Often, you need to change the shape of a tensor without changing its data.

• tf.reshape(tensor, new_shape): Reshapes a tensor, provided the total number of elements remains the same.
• tf.transpose(tensor, perm=...): Permutes the dimensions of a tensor. Essential for operations like aligning matrices before multiplication.
• tf.expand_dims(tensor, axis): Adds a new dimension of size 1 at the specified axis.
• tf.squeeze(tensor, axis=None): Removes dimensions of size 1. If axis is specified, only that axis is squeezed (if its size is 1).

import tensorflow as tf

tensor = tf.range(6) # [0, 1, 2, 3, 4, 5], Shape (6,)
print("Original tensor:", tensor)

# Reshape to (2, 3)
reshaped = tf.reshape(tensor, (2, 3))
print("Reshaped to (2, 3):\n", reshaped)

# Reshape to (3, 2)
reshaped_alt = tf.reshape(reshaped, (3, 2))
print("Reshaped to (3, 2):\n", reshaped_alt)

# Transpose a matrix (swap rows and columns for a 2D tensor)
matrix = tf.constant([[1, 2, 3], [4, 5, 6]]) # Shape (2, 3)
transposed = tf.transpose(matrix) # Default perm=[1, 0] for 2D
print("Transposed matrix (shape {}):\n{}".format(transposed.shape, transposed)) # Shape (3, 2)

# Expand dimensions
# Original shape (6,)
expanded = tf.expand_dims(tensor, axis=0) # Add dimension at the beginning
print("Expanded dims (axis=0): {} Shape: {}".format(expanded, expanded.shape)) # Shape (1, 6)
expanded_end = tf.expand_dims(tensor, axis=-1) # Add dimension at the end
print("Expanded dims (axis=-1): {} Shape: {}".format(expanded_end, expanded_end.shape)) # Shape (6, 1)

# Squeeze dimensions
squeezed = tf.squeeze(expanded) # Remove the dimension of size 1
print("Squeezed tensor: {} Shape: {}".format(squeezed, squeezed.shape)) # Shape (6,)

Comparison with NumPy

If you are familiar with NumPy, you'll find TensorFlow's tensor operations very familiar.

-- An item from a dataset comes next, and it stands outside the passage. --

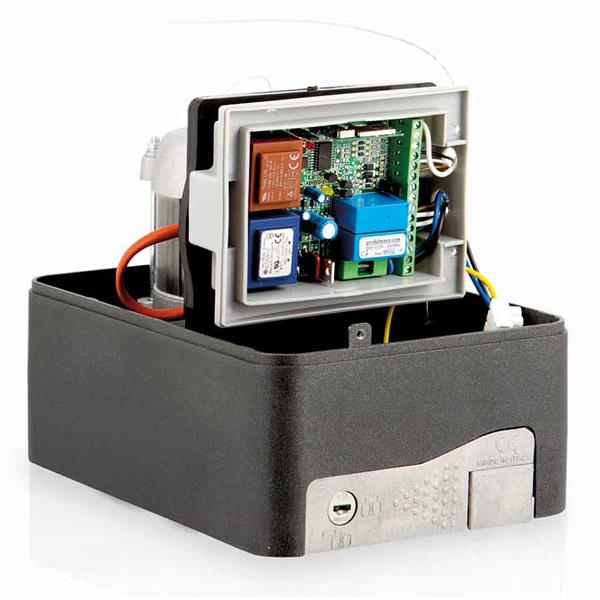 VDS 600Kg Μοτέρ συρόμενης πόρτας Set5 - Image 2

Many functions have the same names and similar behavior (tf.add, tf.multiply, tf.matmul, tf.reduce_sum, tf.reshape, indexing/slicing).

However, there are significant distinctions:

1. Hardware Acceleration: TensorFlow operations can automatically run on GPUs or TPUs for significant speedups, whereas standard NumPy primarily runs on the CPU.
2. Automatic Differentiation: TensorFlow tensors integrate seamlessly with tf.GradientTape for automatic computation of gradients, which is fundamental for training machine learning models. NumPy arrays do not inherently support this.
3. Graph Building: Operations can be incorporated into TensorFlow graphs using tf.function for optimization and deployment.

While you can easily convert between TensorFlow tensors and NumPy arrays (tensor.numpy() and tf.convert_to_tensor(numpy_array)), performing computations directly within TensorFlow is generally preferred when building and training models to benefit from acceleration and differentiation.

Mastering these core operations provides the vocabulary needed to express complex computations, forming the basis for defining layers and models in Keras, as we will see in the next chapter.